The former director of the science program for Texas' public schools asked a federal appeals court Monday to revive a lawsuit over her firing for forwarding an e-mail about a forum opposed to teaching creationism.

The agency that runs Texas public schools argued that Christina Castillo Comer's e-mail broke its policy of neutrality toward any potentially controversial issue, including creationism. A lawyer for Comer says the agency has an unwritten, unconstitutional policy of treating creationism as science.

A three-judge panel from the 5th U.S. Circuit Court of Appeals in New Orleans heard arguments Monday in Comer's lawsuit against Robert Scott, commissioner of the Texas Education Agency.

A federal judge in Austin, Texas, dismissed her claims in March 2009. Comer is appealing that decision. The 5th Circuit panel didn't indicate when it will rule.

Comer says she was told to quit or be fired in 2007 after forwarding an e-mail about a presentation by a Southeastern Louisiana University philosophy professor viewed as opposed to teaching creationism in schools. Her only comment on the forwarded e-mail was "FYI."

The agency says Comer violated her employer's "neutrality" policy by airing her personal opposition to creationism.

Douglas Mishkin, a lawyer for Comer, said the agency's neutrality policy violates the First Amendment's establishment clause because it endorses a religious belief.

"It takes something that's not science and treats it as if it is," he said.

Judge Fortunato Benavides pressed Mishkin to explain how the agency violated the establishment clause.

"I can see a free speech claim," the judge said. "This looks like to me a First Amendment claim in the robe of an establishment claim."

James Ho, Texas' solicitor general, said Comer doesn't dispute that her e-mail violated the agency's neutrality policy.

"This is a policy of employee neutrality, and neutrality is the touchstone of the establishment clause," Ho said. "It's certainly not a violation of it."

The agency says Comer was fired for "repeated subordination." Besides violating the neutrality policy, she allegedly attended meetings and presentations without agency approval and disclosed details of the school board's deliberations to non-board members.

"What makes this case unique is that there is a pattern of misconduct," Ho said.
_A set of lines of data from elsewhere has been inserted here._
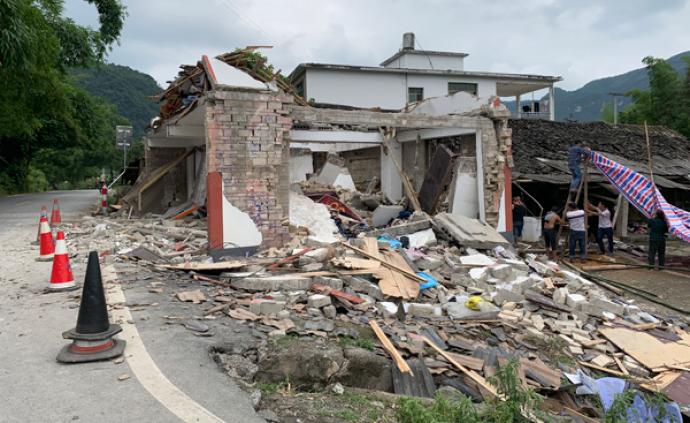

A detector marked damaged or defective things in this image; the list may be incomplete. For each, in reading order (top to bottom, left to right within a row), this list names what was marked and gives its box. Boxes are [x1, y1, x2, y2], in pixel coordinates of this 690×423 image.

broken wall [203, 89, 292, 248]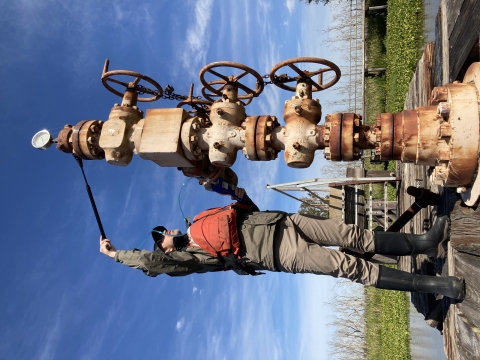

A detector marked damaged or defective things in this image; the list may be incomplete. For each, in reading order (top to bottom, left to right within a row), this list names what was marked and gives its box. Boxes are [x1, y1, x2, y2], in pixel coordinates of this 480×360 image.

rusted metal equipment [32, 58, 480, 205]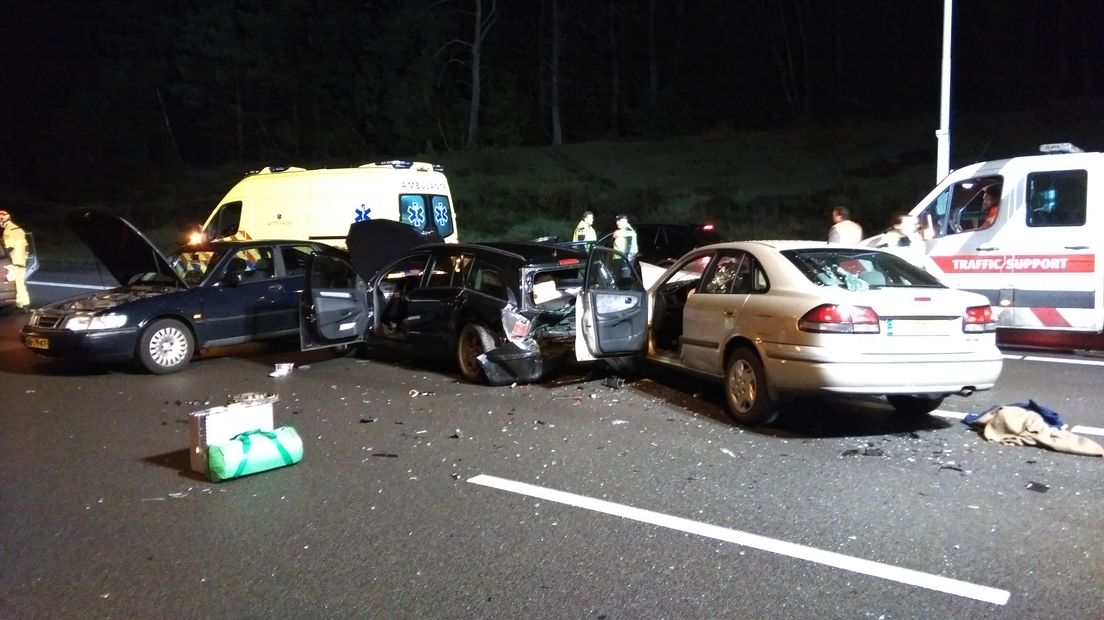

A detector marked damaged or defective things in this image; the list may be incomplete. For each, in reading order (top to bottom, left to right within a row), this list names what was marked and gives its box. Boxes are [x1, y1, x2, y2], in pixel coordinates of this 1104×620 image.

crumpled car hood [47, 288, 172, 312]
black damaged car [302, 220, 592, 386]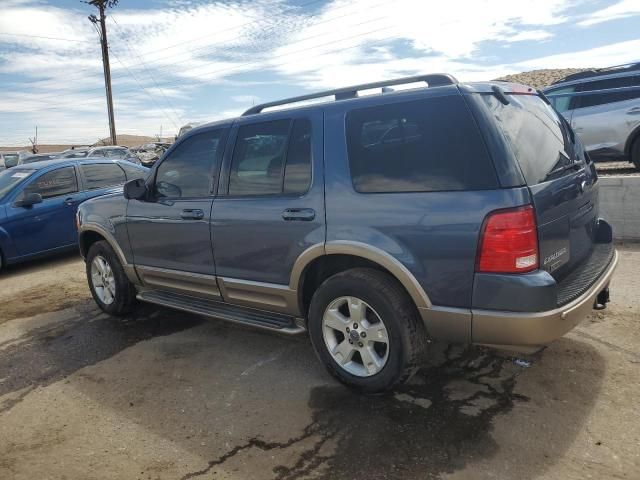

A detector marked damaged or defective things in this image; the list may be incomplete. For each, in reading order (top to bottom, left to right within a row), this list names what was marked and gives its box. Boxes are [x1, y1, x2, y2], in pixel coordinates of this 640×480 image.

cracked asphalt [0, 246, 636, 478]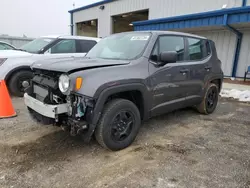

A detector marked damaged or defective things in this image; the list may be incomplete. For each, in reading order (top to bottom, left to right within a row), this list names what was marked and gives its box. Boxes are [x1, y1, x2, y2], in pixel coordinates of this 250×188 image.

crumpled hood [31, 57, 131, 73]
damaged front end [24, 70, 96, 142]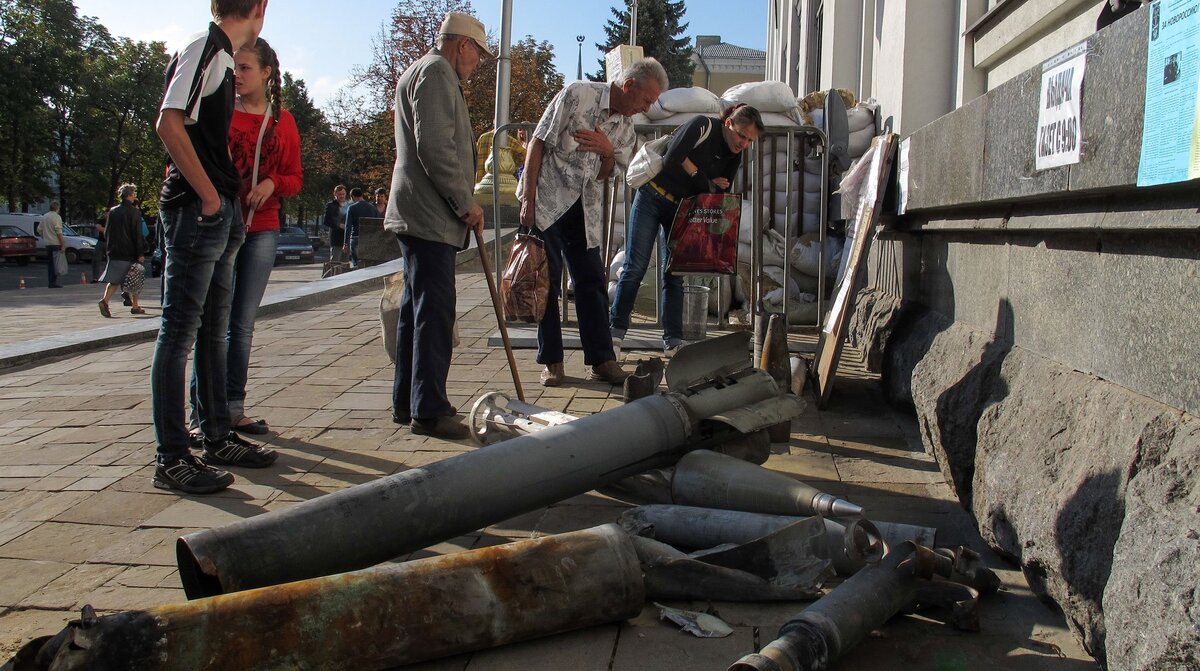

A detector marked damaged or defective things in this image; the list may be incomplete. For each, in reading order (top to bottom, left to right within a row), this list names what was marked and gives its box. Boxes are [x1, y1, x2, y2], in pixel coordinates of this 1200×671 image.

rusted pipe section [11, 525, 648, 671]
rusted pipe section [174, 333, 782, 597]
rusted pipe section [676, 451, 864, 520]
rusted pipe section [619, 506, 936, 576]
rusted pipe section [724, 540, 998, 671]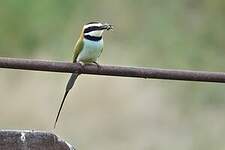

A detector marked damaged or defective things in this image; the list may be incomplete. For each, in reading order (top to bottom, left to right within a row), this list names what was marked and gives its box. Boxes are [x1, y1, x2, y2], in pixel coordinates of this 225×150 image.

rusty metal wire [0, 57, 224, 83]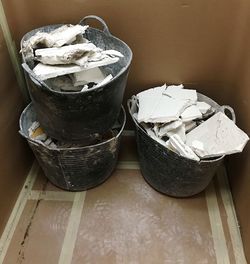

Comer's lawyers say no other agency employee has been warned, reprimanded or fired for failing to remain neutral on an issue before the board. Mishkin said the neutrality policy requires teachers to "pull your punch" if students ask about the relationship between creationism and evolution.

"They said, 'You must do your job with one hand tied behind your back,'" he said.

Creationism is the belief that the Earth and its creatures were created by a deity. It's an alternative to the origin of life explanation taught in public schools under the theory of evolution, which puts forth that all living organisms descended from a common ancestral gene pool.